Project sponsors will also be required to provide participants with a safe workplace. A person may only be required to participate in a work for the dole project if they are in receipt of full unemployment allowance and there is no risk to personal health or any contravention of occupational health and safety laws.

The government envisages publicly seeking submissions across the whole of Australia. Regions with the highest levels of youth unemployment will be the focus of the pilots, with an emphasis on non-metropolitan regions.

The pilot work for the dole projects will be for a minimum duration of three months and a maximum duration of 12 months. They will be selected on the basis of criteria which will include the needs of the local young unemployed people; the capacity of the sponsor to monitor and maintain the project; the extent of contribution and support for the project from the local community; the quality of community involvement; and the preparedness of the community to support the participants after completion of their placement.

A primary test will be the benefit of the project to the wider community. Projects approved will support new or additional activities that would not otherwise proceed. No existing workers will be displaced through this process. A committee, drawing on expertise independent of government, involving individuals who are well known in the community and committed to the success of the initiative, will be involved in the selection of projects.

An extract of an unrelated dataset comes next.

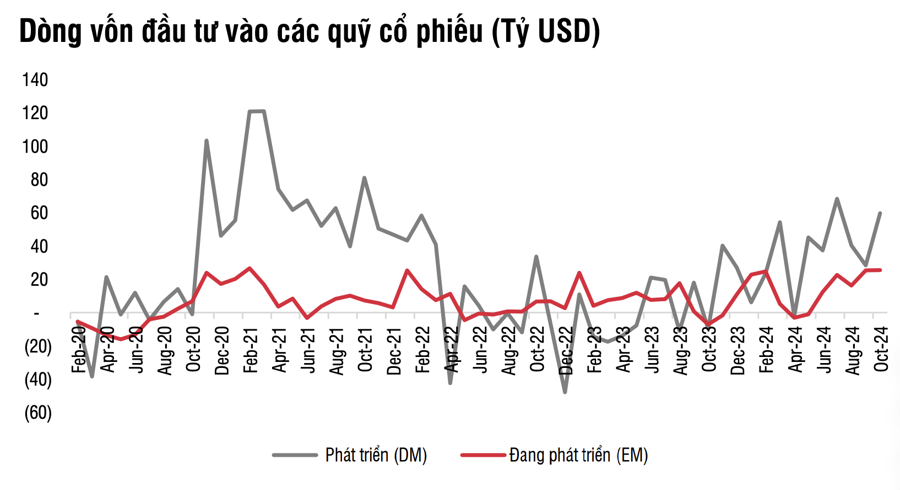 Các quỹ ETF rút ròng gần 1 tỷ USD trong 10 tháng của năm 2024  - Ảnh 1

The aim is to have about 10,000 places in the pilot work for the dole projects with the first expected to start in October this year, if the bill is passed in this sitting. That is the requirement for getting these projects under way. If the bill is not passed in this sitting, the real losers will be the unemployed young people who are being denied opportunities by the Labor Party; the party which is responsible for the entrenched level of youth unemployment which this country now has.

We anticipate that the majority of the participants in the projects will be volunteers. The Commonwealth Services Delivery Agency, the CSDA, and the project sponsor will advertise the availability of projects. If the response from volunteers does not provide enough participants, the CSDA will identify and notify eligible participants that they will be referred and that their participation will be compulsory.

The government is very proud to be putting this legislation forward. We believe this will be a very significant contribution to improving the opportunities for many long-term unemployed young people. We will evaluate and assess these projects in the light of experience when we make decisions about the extension of the work for the dole project.

   Question put:

   That the words proposed to be omitted (Mr Peter Baldwin's amendment) stand part of the question.